Dans le cadre de la première édition du Prix littéraire On’, nos rédacteurs-jurés ont lu avec assiduité les 13 livres en compétition, pris des notes sur leur ressenti et vous proposent une série d’articles pour vous faire saliver en attendant de vous révéler le nom des lauréats. Aujourd’hui, pour cette dernière publication, on analyse pour vous Rhapsodie des oubliés, un ouvrage de Sofia Aouine en lice dans la catégorie “Romans”.

Crédit photo : Éditions de La Martinière

Abad, 13 ans, a quitté le Liban avec ses parents pour le quartier de la Goutte d’Or à Paris. Entre Femens et fidèles de la mosquée, prostituées et toxicos, il assiste aux changements de son quartier en même temps que sa situation familiale implose. En pleine adolescence il essaie de gérer le mieux possible son premier amour et ses émois sexuels. Étiqueté primo-délinquant par les services sociaux, il est obligé de consulter chaque semaine une psy qui lui a donné un carnet pour y inscrire ses pensées. Avec ce premier roman, Sofia Aouine dresse un portrait cru de l’adolescence et de ce quartier parisien. 

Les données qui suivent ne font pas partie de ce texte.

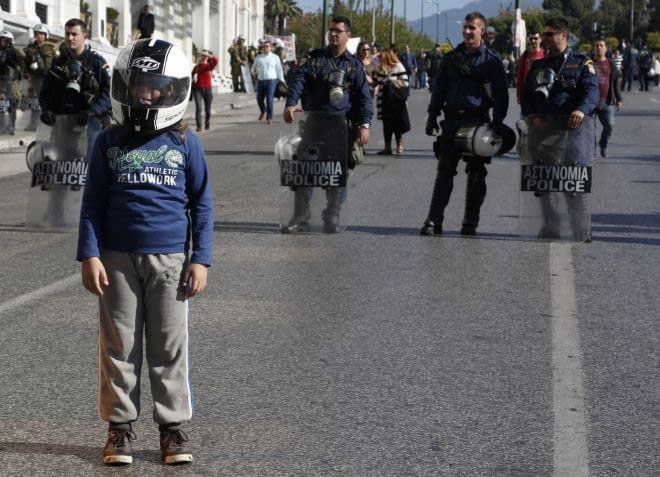 Αγόρι κράνος πορεία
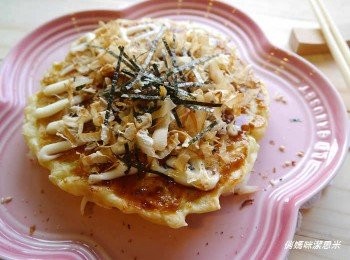 step6: *起鍋後，灑上味島香鬆，柴魚片，海苔即可趁熱食用~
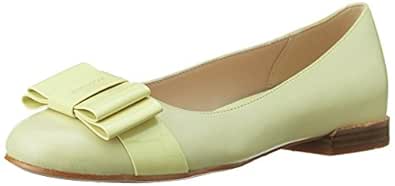 pale yellow flats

Un récit bouillonnant de vie

Je vous avoue que j’ai d’abord été rebutée par le style d’écriture familier, voir vulgaire. Loin des standards de la littérature, cette écriture brutale nous plonge directement dans la vie d’Abad. La situation n’est pas enjolivée. Le lecteur n’est pas enveloppé dans un cocon d’amour. On est embarqué, confronté à une réalité. Celle d’Abad, un ado regrettant le Liban et sa grand-mère, observant ses parents s’éloigner, abandonné par eux et par la société. Un ado qui se lie d’amitié avec une prostituée, et observe la prise de contrôle de son quartier par des religieux extrémistes. Un ado tiraillé entre la haine et l’amour. Cette écriture joue un rôle important dans ce roman. Elle apporte évidemment du réalisme, mais aussi du dynamisme. Elle rythme les événements, les émotions du narrateur. L’écriture est dure car l’histoire est dure. Mais elle n’est pas lourde. L’auteure évite le pathos et nous offre un récit pur, bouillonnant de vie. 

Question d’étiquettes

Sofia Aouine dresse aussi le portrait d’une partie de la population condamnée dès son enfance à survivre dans un monde violent. Il sont rejetés par la société, mais pas totalement exclus, contraints à faire des boulots considérés comme dégradants, regroupés dans certains quartiers où l’autorité étatique est remplacée par une autorité tiers avec d’autres règles de fonctionnement. Abad incarne ces personnes. Son origine, son niveau social le marquent pour la vie, le prédisposent à ne pas vivre une adolescence ordinaire, insouciante. Pourtant, il est intelligent, fort en classe. Si on lui donnait sa chance, il pourrait s’en sortir, aller loin dans les études, peut être transcender sa classe sociale. Mais alors qu’elle essaie de le sortir de cette situation, en l’obligeant à aller voir une psy ou en le plaçant en famille d’accueil, la société le plonge dans un système encore plus stigmatisant. Elle l’oblige à dépendre de ses prédispositions sociales, le ramène à son histoire, sans lui permettre d’aspirer à mieux. Le milieu dans lequel il vit est une des raisons de son comportement et a un impact sur son avenir. Tout est aussi une question d’étiquettes. Il ne veut pas être catalogué intello parce que, là où il vit, ça craint. Il ne veut pas être un cas social : ça le condamnerait à une vie instable, sans repères. Déraciné en quittant le Liban, il l’est encore plus lorsqu’il doit quitter sa famille. 

Des femmes-repère

J’ai aussi beaucoup aimé le rôle que les femmes ont dans la vie d’Abad. Il y en a trois, principalement, qui le guident, l’épaulent. Sa grand-mère a été son premier roc, mais comme elle n’est pas à ses côtés, il cherche des substituts. Il tisse une relation quasi maternelle avec Gervaise, une prostituée. Il est fier d’aller lui montrer les bonnes notes qu’il a eu à l’école, de lui raconter ses journées. Il y a aussi sa voisine, Odette, avec qui il restera en contact toute sa vie. Enfin, il y a Madame Futterman, la psy. Abad la déteste mais elle joue un rôle important. C’est elle qui se rend compte qu’il est surdoué. J’ai par contre été un peu déçue de la furtivité de son personnage. On a un chapitre entier sur son histoire à elle, mais j’aurais aimé qu’il y ait plus de moments entre elle et Abad, qu’ils tissent plus de liens. Ces femmes apportent de la douceur dans la vie du narrateur, comme une trêve dans son monde violent.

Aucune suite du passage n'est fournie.